Spicy tequila shrimp marinaded in fresh lime juice, honey, hot sauce and blanco tequila! This simple dish is delicious over rice, pasta or served as an appetizer!
I promised to share this shrimp recipe when I made Cauliflower Fried “Rice”, but found that when you make shrimp it comes together in no time at all and smells delicious while cooking. I couldn’t bare make my family wait for photos before eating, so we ate perfectly warmed shrimp, and I hoped that there would be leftovers for photos later.
Nope. No way! We devoured every single Spicy Tequila Shrimp and even licked our fingers! So of course I had to make this dish a second time!
You become a different person when you are carrying a hot cast iron pan from one room to the next. Besides being hella heavy, it’s crazy hot and can be dangerous if it drops, so I had to work fast to get a couple of photos. I definitely was in fierce, focused, and I WILL get a shot mode!
I think I scared our cats and dog when I yelled at them to get out of my way, and that they better not walk in my foot path… I may have been a little LOUD. Probably ear-piercing enough to scare the neighbors too! haha!

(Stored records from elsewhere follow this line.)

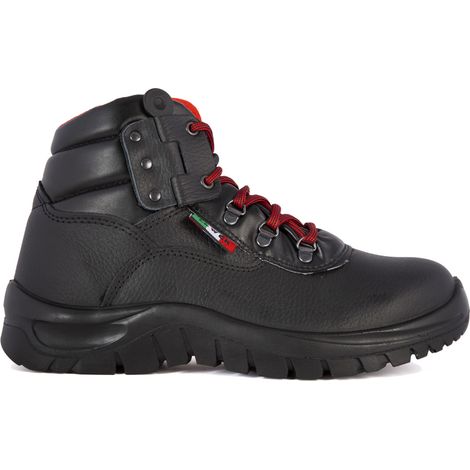 Lewer 28170 S3 SRC hohe Arbeitsschuhe - 40 EU - Schwarze
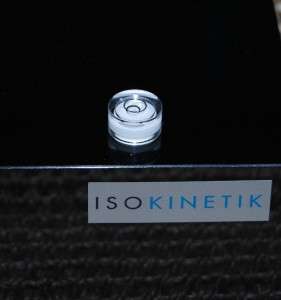 ISOkinetik SMALL SPIRIT BUBBLE FOR LEVELING TURNTABLES  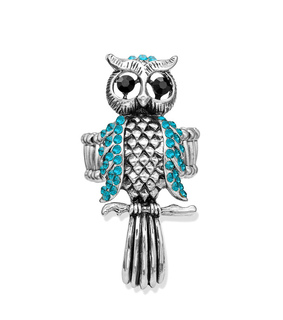 cocktail owl ring, cocktail rings and owl rings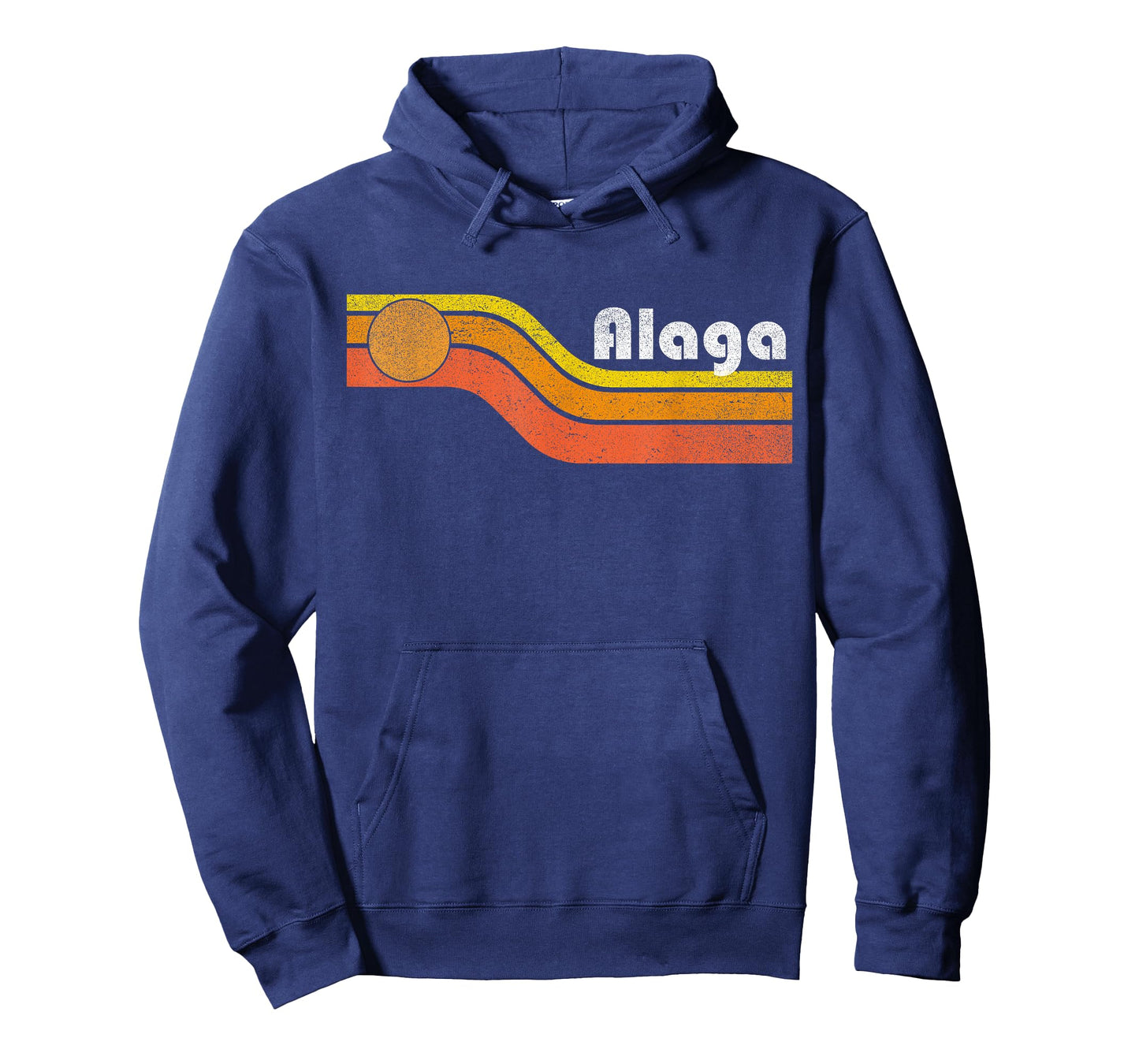 Alaga - Vintage Men Women 70s 80s Graphic Cool Retro T-Shirt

This Spicy Tequila Shrimp dish is worth the photo raucous! This is a delicious main meal and also can be served as an appetizer. I found the fusion of Asian flavors with the hot sauce and bold notes from the Mexican tequila quite complimentary! The honey also plays nicely as it isn’t over powering with sweetness and cools the heat to a flavorful mix.
- 1 pound shrimp, cleaned and deveined
- ¼ cup Blanco Tequila
- 3 tablespoons fresh lime juice (about 2 limes)
- 4 tablespoons honey
- 1-2 (adjust to your preference) hot sauce like Sriracha
- 2 cloves garlic, chopped
- 1 tablespoon olive oil for marinade,
- ½ tablespoon olive oil for skillet
- 1 tablespoon corn starch
- In a medium bowl whisk together tequila, lime juice, honey, hot sauce, garlic and olive oil until smooth.
- Add shrimp to the bowl and fold to coat. Cover and put in the refrigerator for 20-25 minutes.
- Heat oil in a skillet over medium-high heat. With tongs gently remove the shrimp from the marinade and place shrimp on hot skillet (don't over crowd pan and cook in batches if necessary). Cook for one minute and then flip and cook for another minute.
- Remove the cooked shrimp and set aside. In a small bowl whisk together 1 tablespoon of marinade with the corn starch to make a slurry.
- Pour remaining marinade in the skillet and heat for about 2-3 minutes. Add the slurry to thicken the sauce cooking for another 2-3 minutes. Fold shrimp back into skillet to heat and serve immediately.